## [Activity]
Any picture in the range stays out of the copy; retype exactly the lines from the one with "5-day plot - Ocean Temperature at LTQM2" to the end of the listing.

+++ Material shown +++

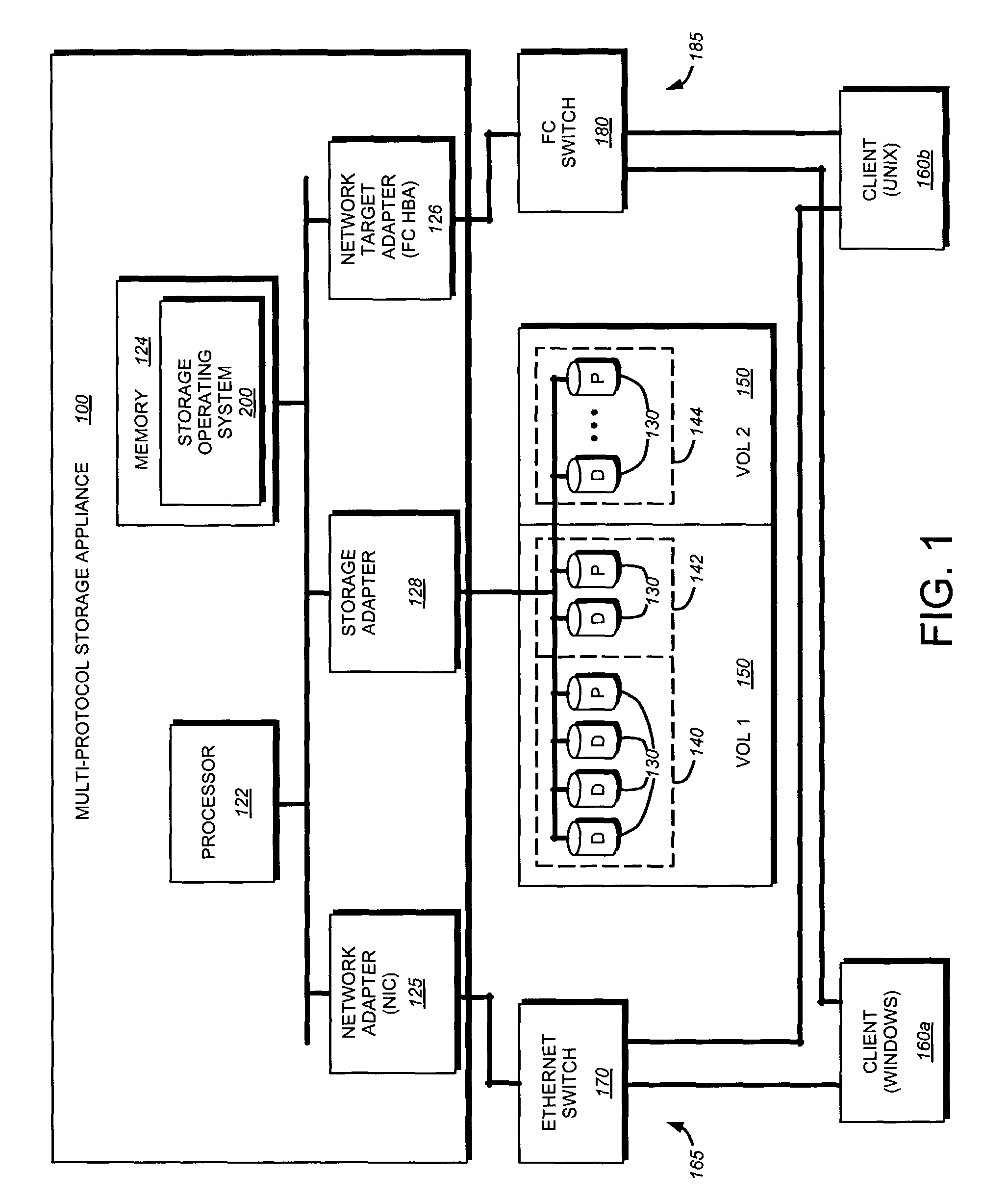 Multi-protocol storage appliance that provides integrated support for file and block access protocols
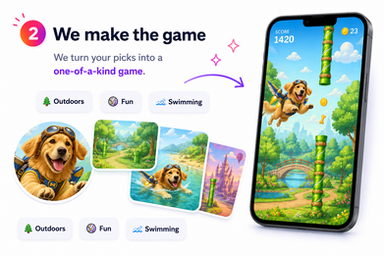 How it works — step 2
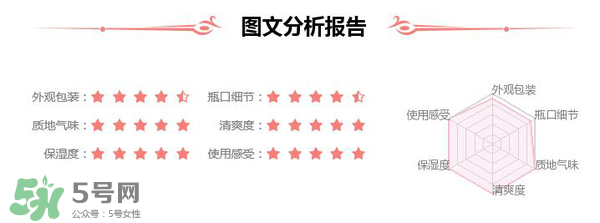素野水乳怎么樣？素野爽膚水乳液好用嗎？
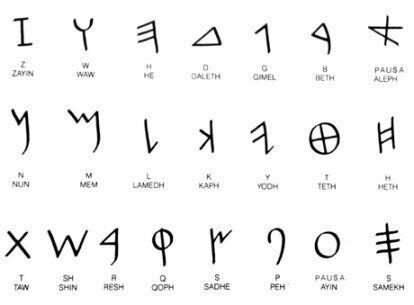 Surgimiento del primer alfabeto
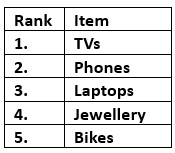 Renters release table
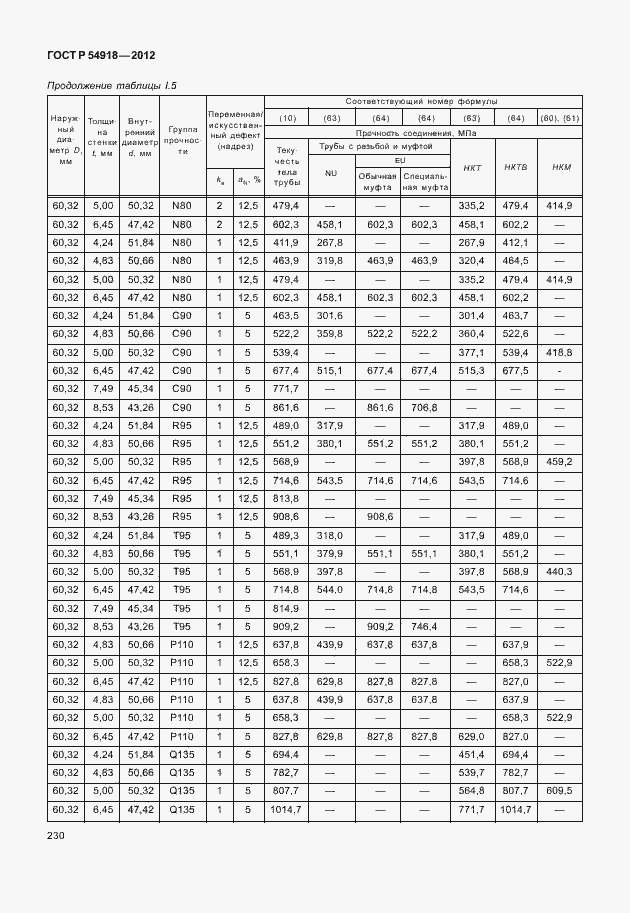 Страница 243 ГОСТ Р 54918-2012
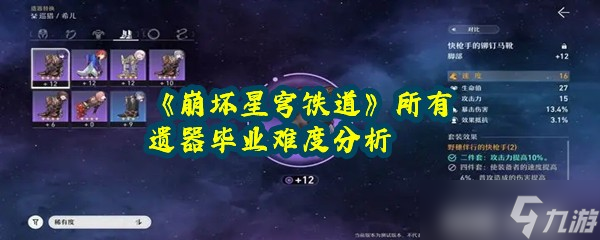 《崩坏星穹铁道》所有遗器毕业难度分析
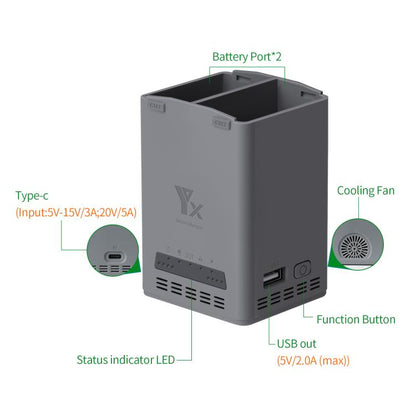Batería Cargador de YX de 100 W para DJI Mini 5 Pro / Mini 4 Pro / Mini 3 Pro para DJI DJI Mini 5 Pro, DJI Mini 4 Pro, DJI M…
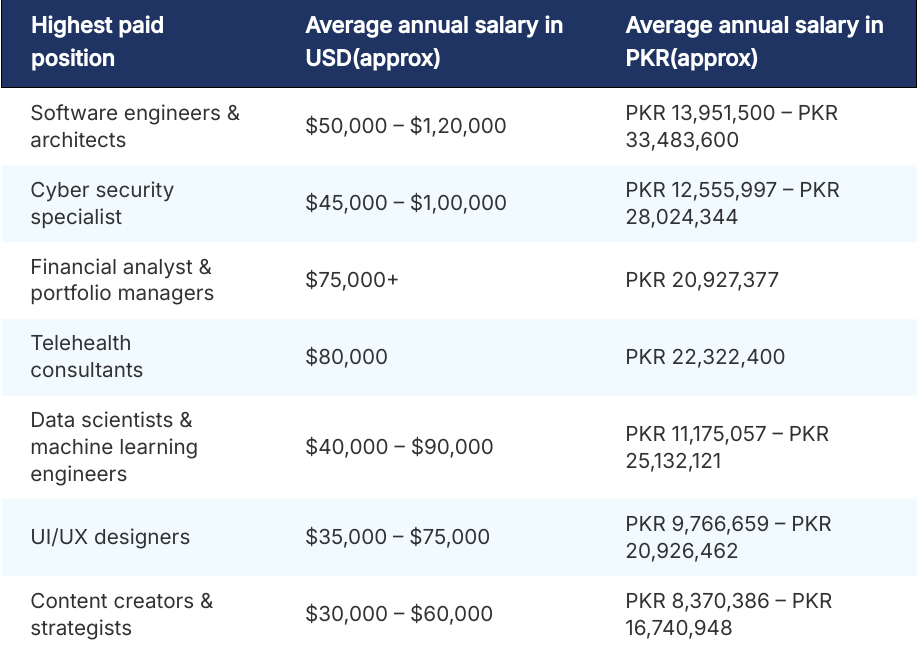 Highest paying job roles in Pakistan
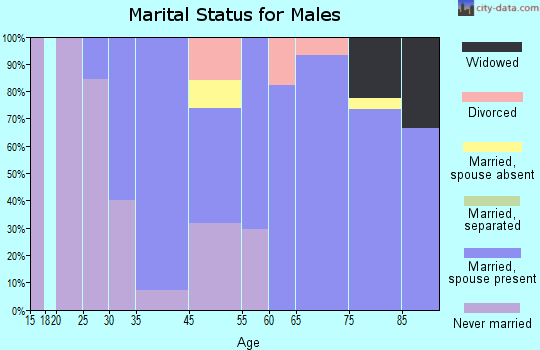 Lilydale marital status for males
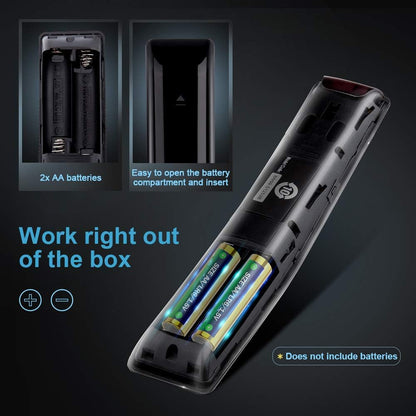 New Universal Samsung TV Remote - salelink.co.nz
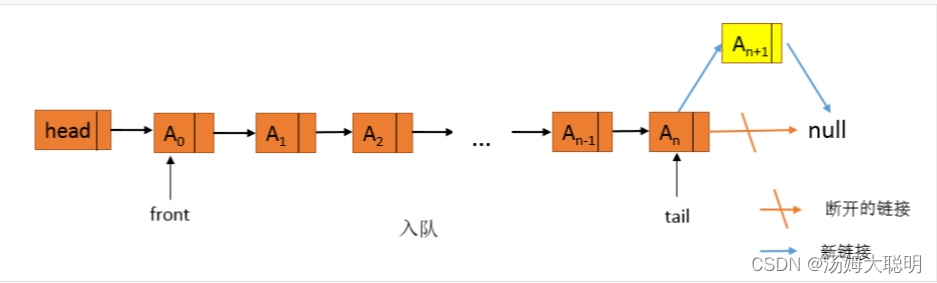 4d015ec3f68446d5a46d7a30944c5ade.png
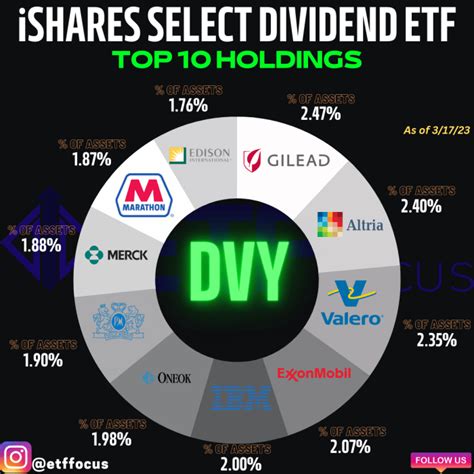 Dvy A Great Dividend Etf To Combine Growth Yield And Quality For Your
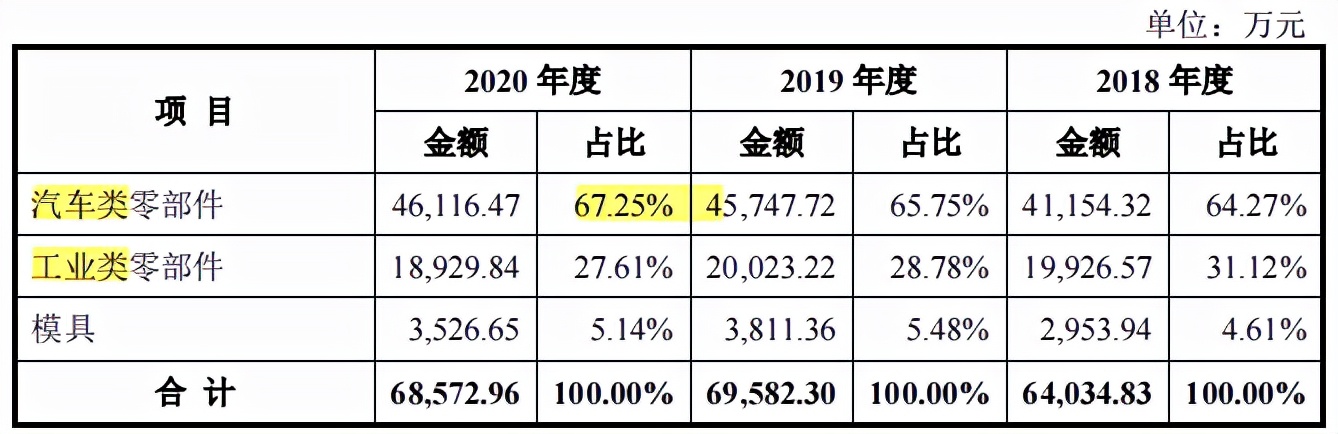 晋拓科技股权客户双集中，营利增幅差异大，2019年分掉全年净利润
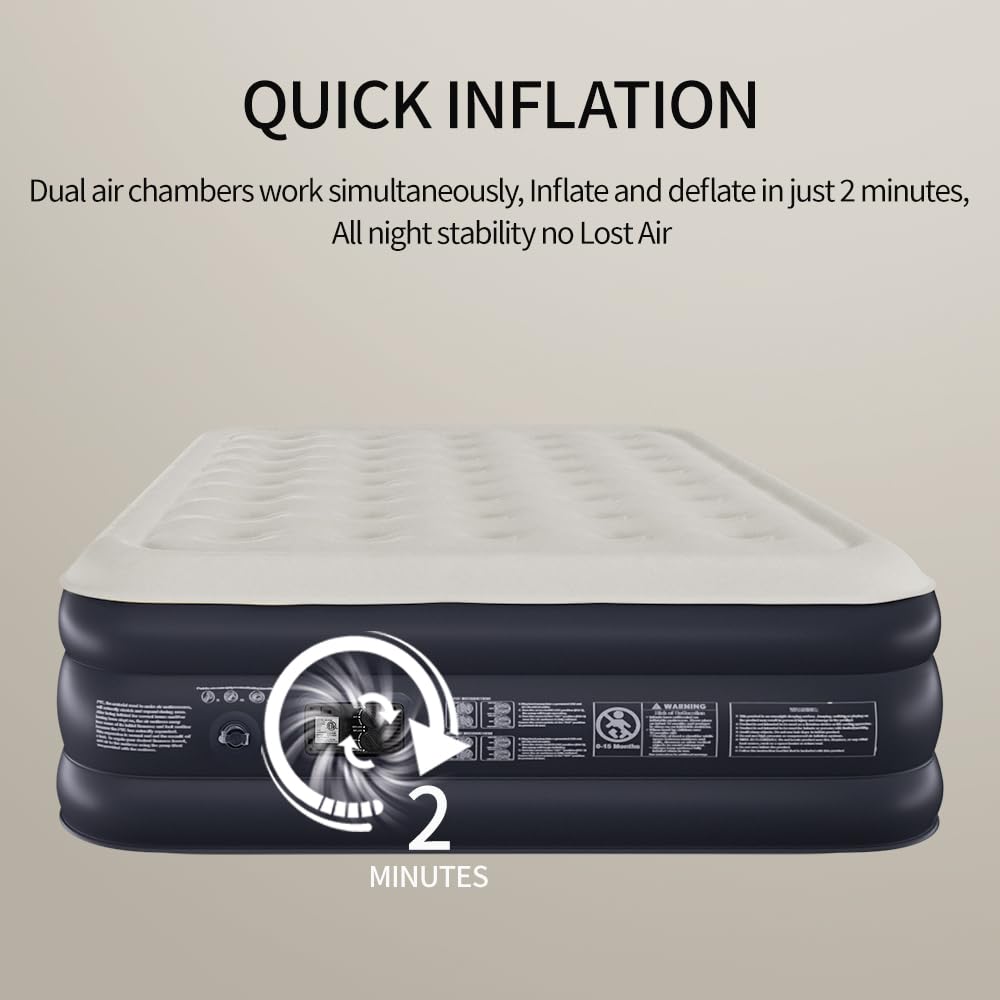 SENNOUL Air Mattress Queen with Built in Pump - 2 Mins Quick Self Inflatable,16"/650lbs Max Blow Up Bed, All Night Stability No Lost Air，No Peculiar Smell for Camping,Home,Guests & Portable Travel SENNOUL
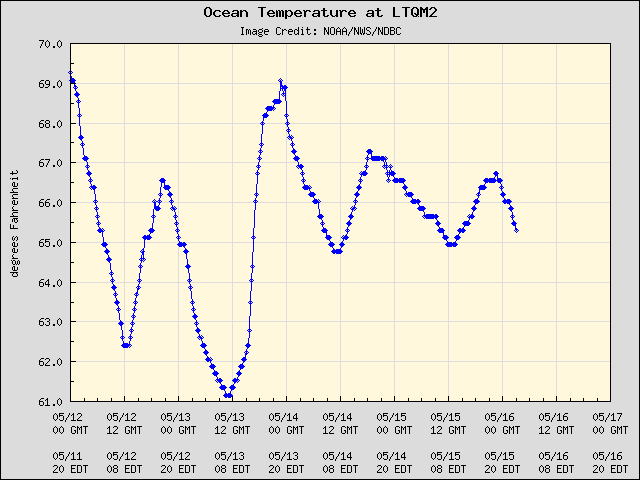 5-day plot - Ocean Temperature at LTQM2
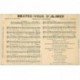 carte postale ancienne PARTITIONS PAROLES ET MUSIQUES. Hatez vous d'aimer Dickson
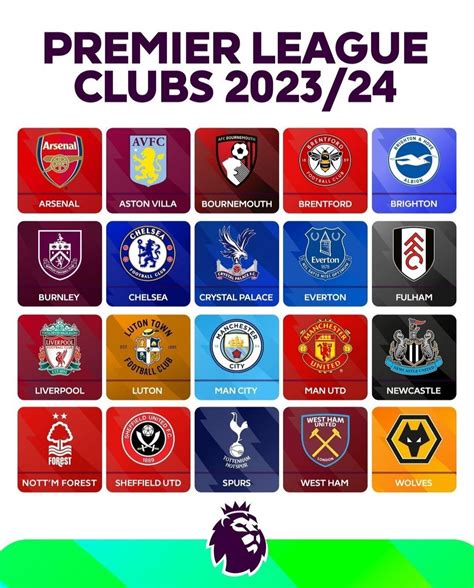 The EPL Returns for the 2023/24 Season | by Blessing Oluchukwu Awamba ...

+++

## [Finished exercise]
 5-day plot - Ocean Temperature at LTQM2
 carte postale ancienne PARTITIONS PAROLES ET MUSIQUES. Hatez vous d'aimer Dickson
 The EPL Returns for the 2023/24 Season | by Blessing Oluchukwu Awamba ...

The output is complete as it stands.